▶ _Data shown_:

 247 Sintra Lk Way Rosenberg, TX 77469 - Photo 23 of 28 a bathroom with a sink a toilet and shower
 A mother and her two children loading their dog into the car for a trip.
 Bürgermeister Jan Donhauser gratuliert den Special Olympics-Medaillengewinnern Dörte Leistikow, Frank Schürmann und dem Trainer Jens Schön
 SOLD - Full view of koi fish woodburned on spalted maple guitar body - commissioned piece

* * *

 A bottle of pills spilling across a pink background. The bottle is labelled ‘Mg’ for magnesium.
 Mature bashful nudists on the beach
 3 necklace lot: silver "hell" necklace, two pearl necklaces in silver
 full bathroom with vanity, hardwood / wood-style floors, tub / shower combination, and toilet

▶ _Assignment_: Check each line above for "bathroom" and return the ones that have it.

▶ _Answer space_:
 247 Sintra Lk Way Rosenberg, TX 77469 - Photo 23 of 28 a bathroom with a sink a toilet and shower
 full bathroom with vanity, hardwood / wood-style floors, tub / shower combination, and toilet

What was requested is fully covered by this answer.